Friday, February 13, 2015

Opuscula

DoJ planning penalties
For banks, not bankers

 

WHAT A JOKE!

Justice Department Is Seeking Felony Pleas by Big Banks in Foreign Currency Inquiry

ACCORDING TO A NUMBER of on-line sites, The Justice Department (DoJ) is pushing some of the biggest banks on Wall Street — including, for the first time in decades, American institutions — to plead guilty to criminal charges that they manipulated the prices of foreign currencies.

BIG DEAL

The bank executives will cry crocodile tears and agree to pay big fines and to cease doing what they did (until the next time they are caught), knowing that nothing will happen to the them or their rewards.

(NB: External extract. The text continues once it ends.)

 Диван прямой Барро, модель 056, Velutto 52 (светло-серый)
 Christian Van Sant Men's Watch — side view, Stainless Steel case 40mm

The banks - read depositors and shareholders - will pay whatever fine DoJ levies and the executives will go on with their business as usual. And get hefty End of Year bonuses in the bargain.

Only the little guy suffers.

Nothing will change in the Executive Suites until DoJ starts seeking long jail terms for the executives on whose watch the shenanigans occurred.

Even a few years at the Florida resort prisons in Marianna or Pensacola would help convince others who think they are above the law to consider the penalties before they act - or fail to act.

The banks that have DoJ asking for mea culpas are Barclays, JPMorgan Chase, the Royal Bank of Scotland and Citigroup.

Meanwhile, in New York, state agencies are taking a close look at Barclays, Deutsche Bank, Goldman Sachs, Credit Suisse, BNP Paribas, and Société Générale.

The article on the Dealbook site suggests that the executives facing DoJ ire are planning to throw midlevel employees to the wolves, while in New York, the currency case is expected to ensnare traders but not top-level executives. - again, the small, expendable working stiff.

According to Reuters, Last November, regulators fined six major banks a total of $4.3 billion for failing to stop traders from trying to manipulate the foreign exchange market, following a yearlong global investigation.

Fined the banks, NOT the executives who control the banks.

As long as the executives only have to shell out other people's money, and suffer no loss to their finances or freedom, nothing will change. It must be nice to be immune to penalties that plague other folks like us.

Not only are bank protected, but executives of ALL major companies - car manufacturers and credit rating companies (e.g., Standard and Poor), for example - seem to escape sans any personal penalties.

Executives of smaller organizations, such as Bernard Madoff, go to jail; Martha Stewart went to jail.

Unlike the president of Toyota, Ponzi schemers such as Madoff only ruin people's lives; Toyota's "sticking gas pedal" cost people their lives.

Is justice perverted by money, power?

(If you answered "No," I have a bridge in Brooklyn to sell you.)